It’s pretty optimistic of him to believe there’ll be an election in 2024.
The guy in office right now is trying to strongarm state legislators into overturning the election and declaring him president for life or whatever. I’d say odds of another election are no better than 50/50.
Well … 60/40.
It feels a little early for this, no?
Maryland Gov. Larry Hogan took a veiled shot at President Trump in a new political video that signals aspirations to lead the Republican Party in a different direction and seek the White House in 2024.
Issued Monday, the video harkens back to Ronald Reagan as an example of a broadly popular Republican president who influenced American politics for a generation. Using snippets of a speech he delivered at the Ronald Reagan Institute think tank in Washington just after the Nov. 3 election, Hogan points to his popularity and pragmatic leadership in deep-blue Maryland as a model for Republicans to follow after Trump leaves the White House in January.
He’s been flirting with running for president for years but I’ve never understood it. What’s his niche? “He’s strongly anti-Trump, pro-choice, pro-gay-marriage, open to some gun-control regulation, supports the Paris Accord — he’s a centrist Democrat, in other words,” I wrote in 2019. WaPo’s David Byler doesn’t get it either:
one more thought on this — nobody floats joe manchin as a D potus candidate b/c everyone gets he's too centrist for a primary electorate
why people don't apply the same logic to hogan is beyond me https://t.co/YyZTEHHqQB
— David Byler (@databyler) December 7, 2020
Hogan’s started a centrist group called An America United that “rejects the extremes of both political parties, works to break the partisan gridlock, and seeks to bring people together to advance bold, common-sense solutions for all Americans.” That’s a good message for a Republican in deep blue Maryland, not so good for a Republican running in a national primary. Although if Hogan’s aim isn’t to win but to establish himself as the de facto head of the country’s center-right, a quixotic primary challenge to Trump in 2024 wouldn’t be the worst way to do that. By running, he’d distinguish himself instantly from every tough-guy populist GOPer in the country simply by showing that he has the balls to take Trump on. He’d lose, but he might not lose as badly as MAGA fans expect. Come 2024, some Republican voters will still grimace from Trump fatigue, especially if Trump is a constant presence in GOP politics from the sidelines over the next four years. Others will take the hard-headed view that it’s foolish to nominate a guy who lost the popular vote twice.
I could imagine Hogan getting 20 percent in a primary, not remotely enough to win but enough for him to prove that there’s meaningful segment of the right that wants more pragmatism from the party. Which may be all he’s after.

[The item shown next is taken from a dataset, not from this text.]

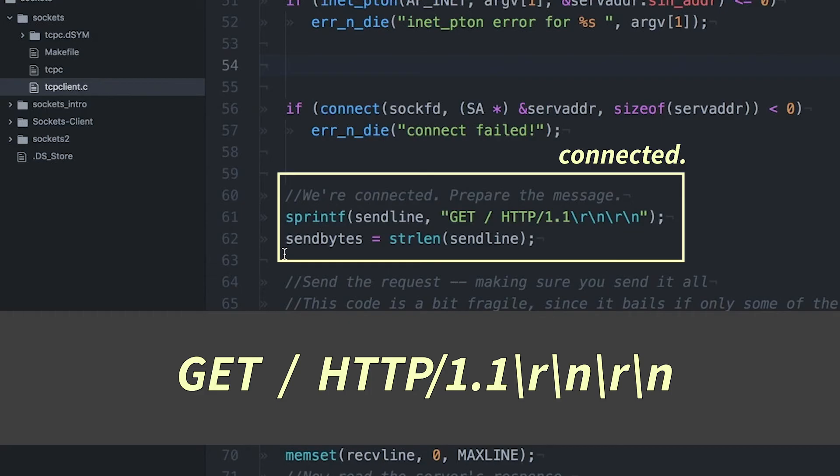Basically, that says I want your root homepage. And then I'm telling it that I'm using HTTP version 1.1. And then the \r\n\r\n, that's basically just saying, hey, this is the end of my request.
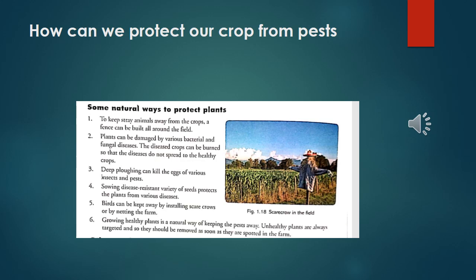Point three: deep ploughing can also kill the eggs of various insects and pests. Point four: sowing disease-resistant varieties of seeds protects plants from various diseases. Point five: birds can be kept away by installing scarecrows or by netting the farm. You can see the scarecrow in the diagram — you have noticed them several times in fields. Scarecrows are set up so that we can keep birds away from our crops.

The other possibility is that he’s setting up a third-party run here, which also isn’t crazy if you think Biden’s going to quit after one term and be replaced on the ticket by the more progressive Kamala Harris. A Harris vs. Trump campaign would leave plenty of political space in the center — again, not enough for Hogan to win but maybe enough for him to prove that there’s a sizable centrist vote out there that needs catering to. The risk to him, though, is that he’ll cannibalize more of Biden’s 2020 vote than Trump’s and end up tilting the election to Trump over Harris.
This de facto campaign ad also makes me wonder: When is Trump going to declare his 2024 intentions? Rumors keep swirling about it. And lately they’ve gotten more concrete.
President Trump is considering a made-for-TV grand finale: a White House departure on Marine One and final Air Force One flight to Florida for a political rally opposite Joe Biden’s inauguration, sources familiar with the discussions tell Axios…
The big picture: The Trump talk could create a split-screen moment: the outgoing president addressing a roaring crowd in an airport hangar while the incoming leader is sworn in before a socially distanced audience outside the Capitol, as NBC News first reported.
Immediately announcing he is running for re-election in 2024 would set up four years of Trump playing Biden’s critic-in-chief.
This is what I mean about Hogan getting 20 percent in a primary. Four out of five Republicans imagine Trump holding a rally to step on Biden’s inauguration and think “awesome!” The other one thinks “ugh.”